Abstract

Due to highly variable well performance, unconventional reservoir (UR) field development relies heavily on production monitoring to predict total recovery, assess well interference, delineate drained rock volume, and diagnose mechanical issues. Completion design and well spacing decisions depend on accurate recovery estimates from reservoir models, and these can be limited by non-uniqueness in the history matching. Geochemical production allocation can greatly improve operators’ understanding of well performance when integrated with reservoir characterization and in-reservoir P/T monitoring.

There are several long-standing challenges in the characterization of UR fluid flow: (i) collecting reservoir samples representative of mobile oil, (ii) accounting for production fractionation over the life of a well, and (iii) determining recoverable original oil in place (OOIP) from contributing zones. Although many metrics and correlations are commonly used, ultimate recovery requires accurate quantification of the provenance of produced fluids and proportion of total OOIP.

We have developed a rapid method for quantifying mobile and total oil saturations from water-based mud (WBM) collected, tight cuttings and sidewall core samples using low temperature hydrous pyrolysis (EZ-LTHP). These mobile oils commonly include even the gasoline range compounds, which are the dominant compounds of produced liquids in most mid-continent UR fields, making EZ-LTHP-derived oils representative end-members for geochemical production allocation studies.
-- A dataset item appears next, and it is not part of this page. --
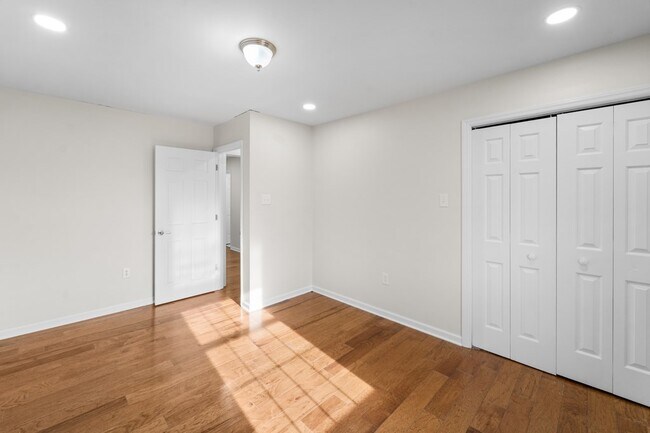 Building Photo - 983 Beverly Dr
EUR estimates and production forecasts by zone, are more accurate when calibrated to the mobile oil fraction, rather than to total oil saturation. EZ-LTHP provides this step-change by quantifying the mobile oil fraction in WBM cuttings and, when paired with reservoir volumetrics, allows for better reservoir model calibration and field management. Other industry techniques, such as solvent extraction and vaporization, suffer from the same limitations as log-derived values which are known to overestimate mobile oil in kerogen-rich intervals by incorrectly including kerogen-bound immobile oil.

In this paper, we present quantified mobile oil recovery estimates based on integrated geochemical allocation studies from the Vaca Muerta, Neuquén basin, and the Niobrara, Denver basin. In the Vaca Muerta play (Argentina), the organic-rich Cocina and Organico intervals in the Vaca Muerta expelled liquid into intervening good quality reservoir lithologies. However, liquids dominantly are produced from the most organic-rich zones, with evidence of a larger drained rock volume (DRV) during early production. Gas and oil allocations show different DRVs explained by fluid mobility.

The Montney play (Canada) shows contribution of liquid from non-target zones. Interbedded zones of indigenous Montney oil mixed with migrated more mature fluid - and major discontinuities in mud gas isotopes - document minimal vertical mixing. Horizontal wells produce gas and oil dominantly from better-quality reservoirs regardless of landing zone, with natural gas bypassing low permeability zones. Accurate estimations of out-of-zone contributions therefore require cuttings/core-based geochemical allocation. A subset of these wells requires additional consideration of production fractionation.